The Supreme Court was informed on Thursday that Justice Qazi Faez Isa is "ostensible" owner of three foreign properties as his family members purchased the assets at a time when they had no independent sources of income. In his reply Attorney General of Pakistan Anwar Mansoor Khan on a set of petitions challenging the presidential references against Justice Isa, said: "The petitioner's spouse and children own expensive properties in the UK which were purchased in the years 2004 and 2013 at a time when they had no independent source of income of their own."
"The inescapable conclusion which follows is that the properties are benami and that the petitioner is the ostensible owner," it continues. The response states that the presidential reference filed in the Supreme Judicial Council only sought an inquiry to ascertain whether Justice Isa's conduct "in owning the properties, though ostensibly, is free from financial impropriety."
"The simple and straightforward answer to this query would have been to disclose the source of funds employed to purchase the properties, the mode and manner of acquisition of foreign exchange and its transfer to the UK," it continues.
The government's response states that instead of providing answers, Justice Isa "took a very evasive stand and started vilifying and castigating the complainant." "The complainant may not be a symbol of propriety but as a judge, the petitioner [Justice Isa] should have displayed such a character," added the response.
The government maintained that the information provided by the complainant was admitted by the petitioner as well "therefore, instead of assassinating the character of the complainant," Justice Isa should come forward with the information. Furthermore, the government stressed that the mere filing of a reference by President Arif Alvi cannot be visualized as a threat to the independence of the judiciary. "There is no shred of evidence to establish that any of the constitutional functionaries has acted with slightest of mala fide."
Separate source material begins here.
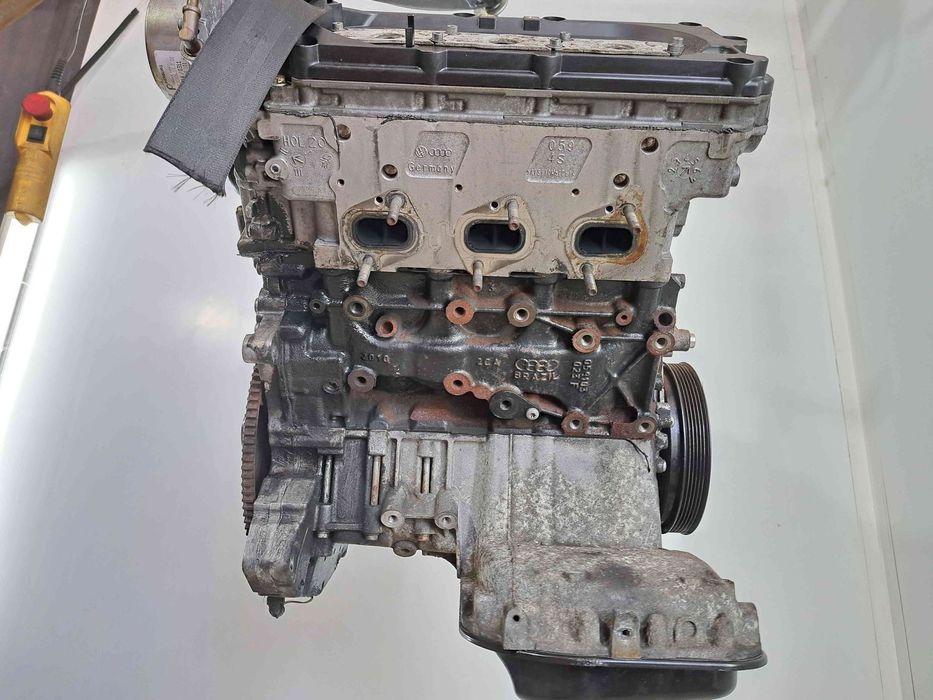 Motor complet ambielat  AUDI A4 (8K2, B8) [Fabr 2008-2015] CCWA 3.0 TD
According to the government, the President deliberately omitted the names of Justice Isa's spouse and children to "keep them out of the controversy." Citing the Article 248 of the Constitution, the government argued that the president and prime minister of the country have immunity and are not answerable to any court, including the SC, for acts done in exercise of powers and performance of functions of their respective offices.
The reply also stressed that Article 48(4) of the Constitution states that advice tendered to the president by the premier shall not be inquired into by any court. Finally, the government has denied "all allegations, insinuations, aspirations" put forth by Justice Isa and the country's bar associations and councils alleging the presidential references were filed out of mala fide intent and for ulterior motives.
"As a judge we all expect a very high standard of rectitude, probity and honesty of behavior from the learned petitioner judge. However, by not providing the simple answers regarding funds employed for the purchase of three properties in the UK, the petitioner by his conduct has disentitled himself to claim any equitable relief from this court," it added.
In May this year, a presidential reference was filed in the Supreme Judicial Council against Justice Isa alleging non-disclosure of assets in his wealth statement. In his reply, the top judge maintained that he was neither answerable for the assets of his wife as well as adult offspring nor was he under obligation to disclose any information concerning them.